- Born: Oscar Israel Philipp 1882 Wandsbek, Germany
- Died: circa August 31, 1965 (age 77) Geneva, Switzerland
- Citizenship: German English
- Occupation: Metal trader
- Known for: Co-founder of Philipp Brothers
- Spouse: Clarisse Weil
- Children: Elliot Philipp Anthony Bertram Philipp
- Family: Julius Philipp (brother) Martha Bernays (cousin)

= Oscar Philipp =

German-born metal trader who co-founded Philipp Brothers

Oscar Israel Philipp (1882–1965) was a German-born metal trader who co-founded Philipp Brothers.

==Biography==
Oscar Philipp was born to an Orthodox Jewish family in Wandsbek, Germany. He was a cousin to Martha Bernays, the wife of Sigmund Freud. In 1901, his brother, Julius Philipp, founded a small metal trading company in Hamburg, where Oscar worked.

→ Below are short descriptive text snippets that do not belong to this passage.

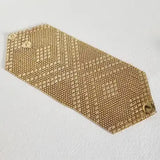 Brass Mesh Woven Bracelet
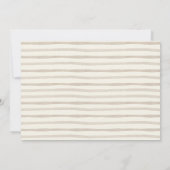 The Little Explorer | Safari Adventure Baby Shower Einladung (Rückseite)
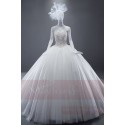 magnifique robe pour mariage bustier perle corsage - Ref M362 - 03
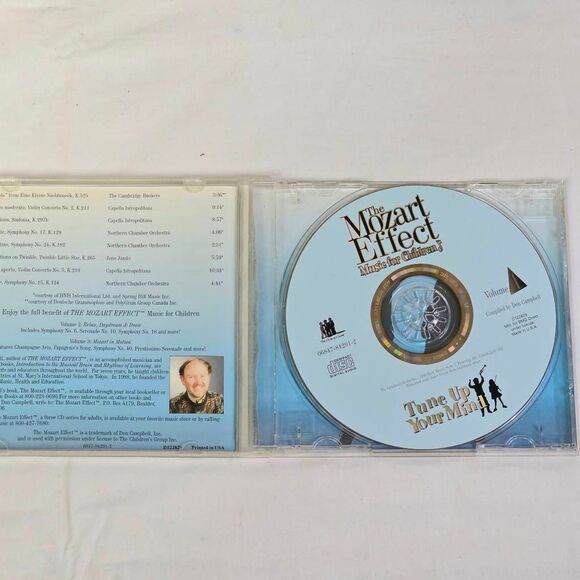Mozart Effect Music for Children Vol. 1 CD - Picture 2 of 3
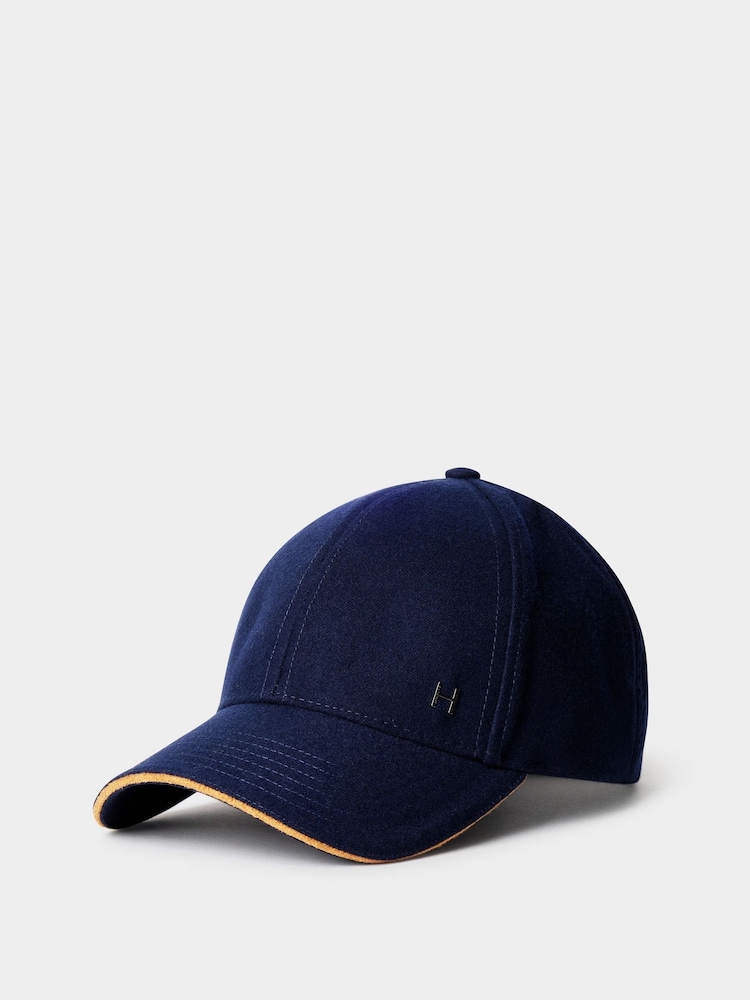 Hackett Blue Flannel Cap - Image 1 of 4 Hackett Blue Flannel Cap - Image 1 of 4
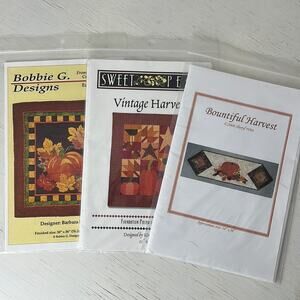 Bundle of three fall quilting patterns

In 1909, Oscar Philipp moved to London and established a metal trading company under the name of "Philipp Brothers". Julius continued to run the German operation out of Hamburg. In 1914, with the advent of World War I, Siegfried Bendheim, an apprentice, German citizen, and minor partner in Philipp Brothers, avoided internment by the British government by moving to New York City where he established Philipp Brothers, Inc. Oscar was not affected by the war as he had previously obtained British citizenship. In 1923, another apprentice and second cousin to Bendheim, Siegfried Ullmann, moved to the New York office. In 1934, Julius moved Philipp Brothers' German operations to Amsterdam due to the rise of Nazi Germany and died in the Bergen-Belsen concentration camp in 1944. Philipp handled all contacts with the European market. The New York office eventually became Philipp Brothers headquarters. By the 1950s, Philipp Brothers had become the largest metal trader in the world.

==Philanthropy==
Philipp, a Hebrew scholar, was active in Jewish and Zionist causes. He served as a chairman of the Bachad fellowship, on the executive committee and council of British ORT, as a joint treasurer of Jews' College, as the treasurer of the London Board of Jewish Religious Education, and the founder of the Hebrew Publishing House. He was one of the founders of the Technion University in Haifa and Kibbutz Lavi.

==Personal life==
Phillip was married to Clarisse Weil; they had two sons, obstetrician Elliot Elias Philipp and Anthony Bertram Philipp. He died in Geneva, Switzerland.